In 2020, with the tragic deaths of Black men playing out on the evening news and protests against police brutality taking place in cities across the country, it’s hard to understand how anyone could deny the existence of white privilege. But in conversations with friends and loved ones, I’ve learned that there are still many who associate privilege with wealth and opportunity, two things that are often out of reach for people living in underserved, mostly white communities.
I know this because I grew up white in one of the poorest states in the country, where loss of industry has devastated the economy and the opioid epidemic has increasingly led to children being placed in foster care, and even necessities like clean water aren’t guaranteed. People are suffering, but not because of the color of their skin — and that’s where we must draw the distinction, if we ever hope to confront racial injustice and effect meaningful change.

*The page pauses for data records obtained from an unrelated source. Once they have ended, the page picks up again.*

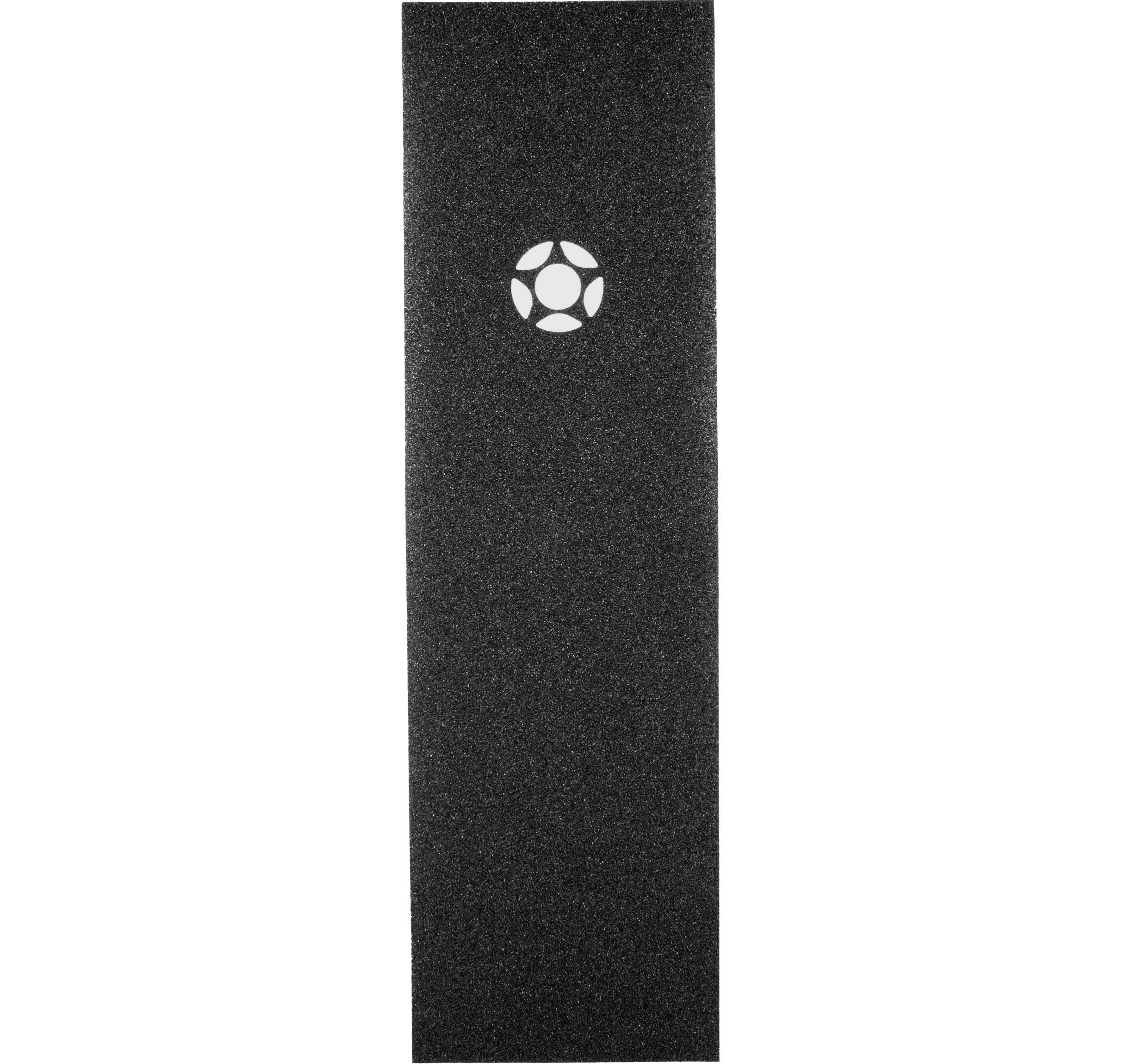 proto-sd-logo-griptape-schwarz-7x24-zoll-standard image 1
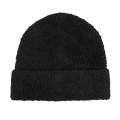 Fuzzy rPET Beanie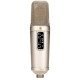 Rode NT2-A Microphone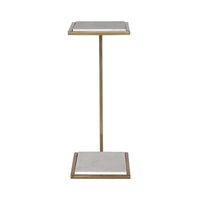 Elevate Drink Table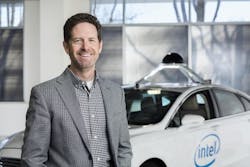 Fleetowner Com Sites Fleetowner com Files Uploads 2017 05 04 Intel Av1 Fleetowner Com Sites Fleetowner com Files Uploads 2017 05 04 Intel Av1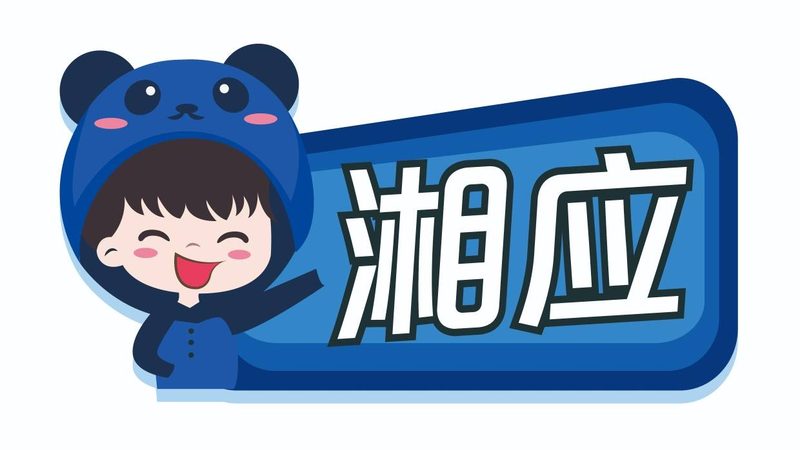 IT咨询顾问：揭秘工作内容及流程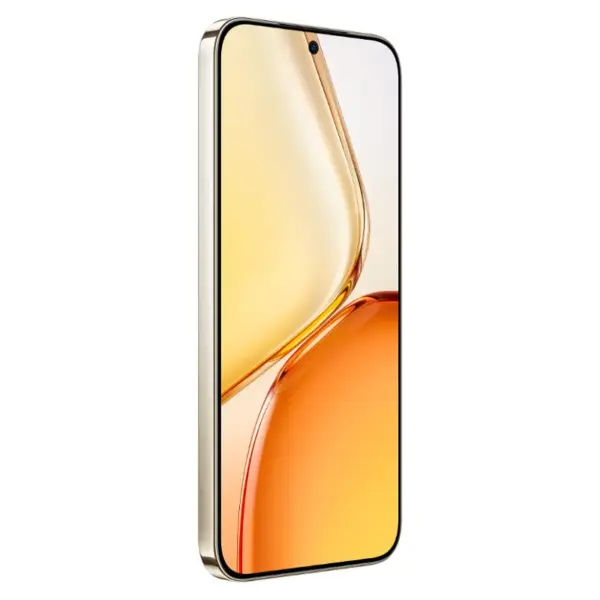 Honor X80 Pro Max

Once an academic term, white privilege refers to the benefits that come with being in the racial majority, regardless of your socioeconomic status. While approaching this topic with people in my own life, I’ve found that presenting this thought exercise can help someone who’s resistant to recognizing this reality. As a white person, you may not be able to live in your preferred neighborhood because the cost of housing is too high, not because you were made to feel unwelcome based on the color of your skin. When you walk into a store, you’re unlikely to be perceived as someone who might shoplift, even if your bank account sits at zero. And while getting a ticket may make it harder to feed your family, being pulled over by police is unlikely to put you in immediate danger.